Journal

In A Room with Dan Hill

Written by Heath Killen | 03/06

In a Room is a conversation series where we ask our friends to share their favourite domestic spaces. This week we’re joined by Professor Dan Hill, Director of Melbourne School of Design.

Professor Dan Hill is Director of Melbourne School of Design, the graduate school in the Faculty of Architecture, Building and Planning at the University of Melbourne. A recognised designer and urbanist, Dan has previously held design leadership positions at various organizations, including the Swedish government’s innovation agency Vinnova in Stockholm, Arup in both London and Sydney, Fabrica in Treviso, the Finnish Innovation Fund SITRA in Helsinki, and the UK’s Future Cities Catapult and BBC in London.

Dan is also a Visiting Professor at UCL’s Institute for Innovation and Public Practice and a founder member of the Council on Urban Initiatives, a joint venture between UN HABITAT, LSE and UCL. Dan was one of the inaugural Design Advocates for the Mayor of London and a Trustee of Participatory City Foundation. Dan is the author of the books ‘Dark Matter & Trojan horses: A strategic design playbook’ (Strelka Press, 2012) and ‘Designing missions: Mission-oriented innovation in Sweden (Vinnova, 2022).

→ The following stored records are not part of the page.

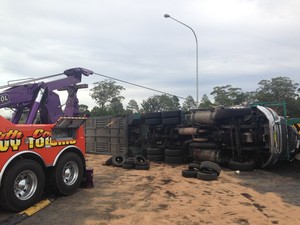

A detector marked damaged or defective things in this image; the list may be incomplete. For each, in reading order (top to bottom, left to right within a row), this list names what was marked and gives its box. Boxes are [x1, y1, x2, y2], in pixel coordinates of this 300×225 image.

overturned truck [129, 106, 300, 170]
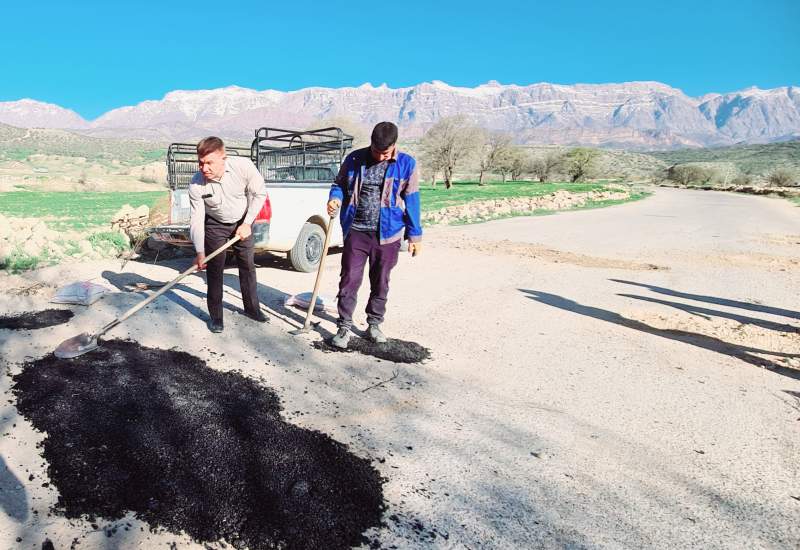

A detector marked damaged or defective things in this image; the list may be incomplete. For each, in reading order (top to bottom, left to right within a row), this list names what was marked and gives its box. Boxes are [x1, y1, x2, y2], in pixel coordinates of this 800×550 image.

black asphalt patch [0, 308, 73, 330]
black asphalt patch [310, 338, 432, 364]
black asphalt patch [10, 340, 386, 550]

Dan Hill (Courtesy of Collingwood Yards)

Which room are you in today? 

In our living room, at home — which is also the kitchen. And also sort of flows out onto a little terrace out the front, with a small kitchen garden, and then the shared garden beyond. We're in a townhouse in an early Assemble Communities development in Clifton Hill, Melbourne.

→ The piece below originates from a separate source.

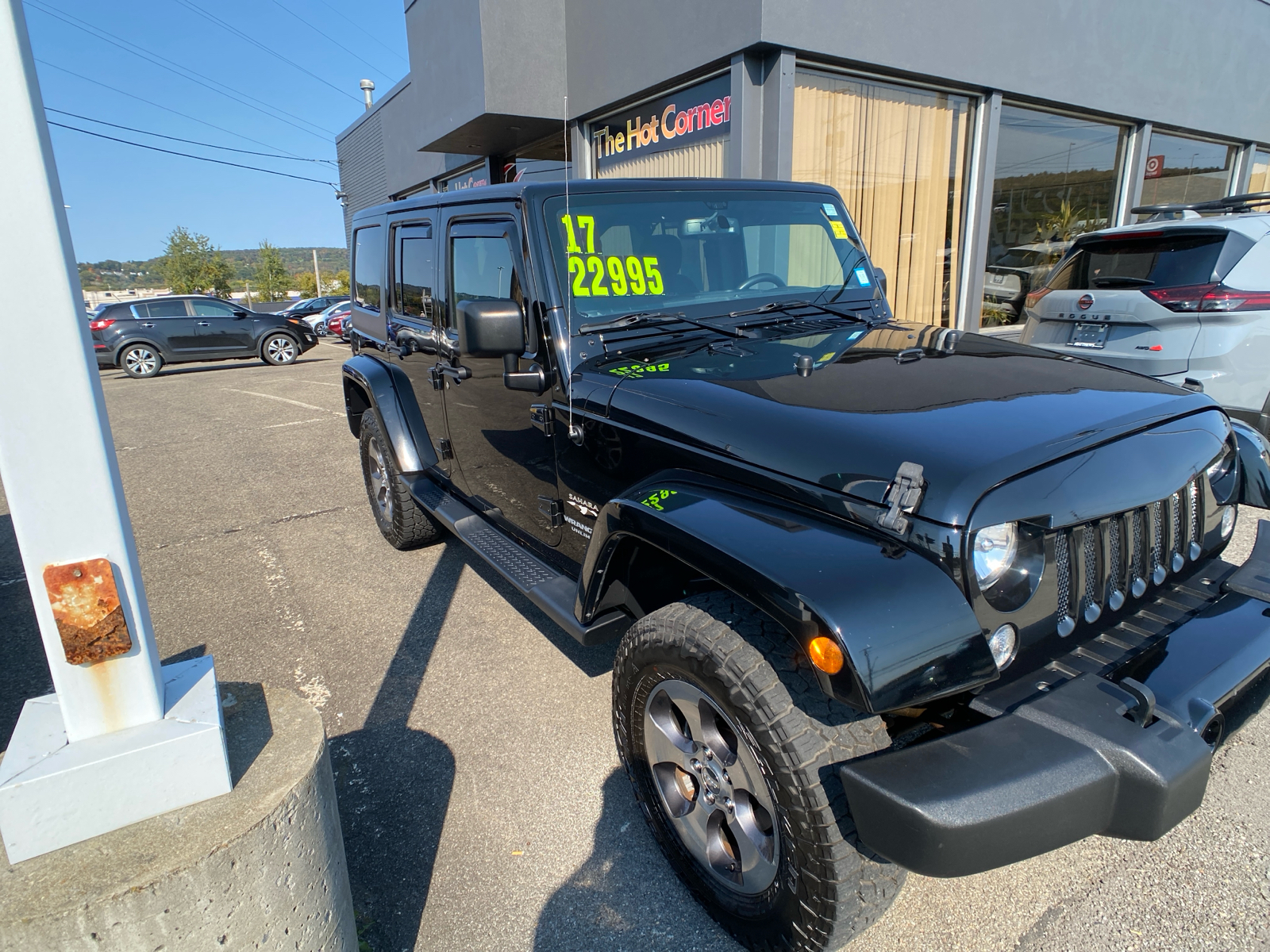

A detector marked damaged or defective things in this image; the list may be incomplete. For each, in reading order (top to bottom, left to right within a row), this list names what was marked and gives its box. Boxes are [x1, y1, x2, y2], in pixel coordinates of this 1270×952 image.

rust stain on pole [41, 559, 133, 665]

Which room is the most active in your house?

Probably this one, overall. It's where we, as a family, cook, eat, watch telly, and hang out. My son plays video games here. I work here at night, usually watching the football from England.

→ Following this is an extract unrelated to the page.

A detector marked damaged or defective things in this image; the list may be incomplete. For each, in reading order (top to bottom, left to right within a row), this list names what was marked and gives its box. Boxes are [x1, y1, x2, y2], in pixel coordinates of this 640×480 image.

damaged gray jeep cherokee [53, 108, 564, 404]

Which room gets the least amount of use?

Hmm, not many! It's a compact house — just the right size for us as a family of four — so all the spaces are fairly well-used. Probably the rooftop garden, if that counts as a room? It's got a great view of the city, and the Merri Creek on the other side, plus a barbeque, pizza oven, and plants. It's lovely to watch the thousands of bats fly overhead at dusk, but it can be too hot on a summer day, too chilly on a winter day.

Which is your work-from-home room of choice?

Probably in the little study area on the ground floor, but I do most work here in the living room, late at night when everyone else has gone to bed! It's not the most productive time, but that's where and when it happens. Needs must.

What for you defines a great room?

Well, there are "great rooms", like the Reading Room at the British Library, or many equivalents elsewhere. They have greatness bestowed upon them, or are great in some other way, usually through their stature. But if it's more of a personal I think I'd probably define a great room — for me, and my needs and desires — in more humble terms. It is a great room where one feels entirely comfortable, where the space and materiality embodies a discreet care and attention, which is enriched by the surroundings and draws them into the space, or the room leads out into it. Where it works well in entirely solitary mode, or with a couple of people in it, or with a group of friends. It should flex to different occasions or activities, and be reconfigurable and adaptable accordingly, yet always feel coherent, calm, stimulating.

What is your personal favourite type of room, and why?

A studio-like space, which is also a living room space, and which leads out into a natural environment — and back in again. Can be used for working, playing, eating, or simply being.

Tell us about your all-time favourite room. 

Right now I'm thinking of a very particular type of space. A contemporary Finnish or Swedish house, largely made in wood, in the forests, looking over a lake or archipelago. In particular, Alvar and Aino Aalto's house and studio is what I really mean. That has many great rooms in it — and produced greatness too — yet still has that humble, careful, quiet quality, and integrated into nature and vice versa.

Ralph Erskine's house in Stockholm — The Box — is another that springs to mind.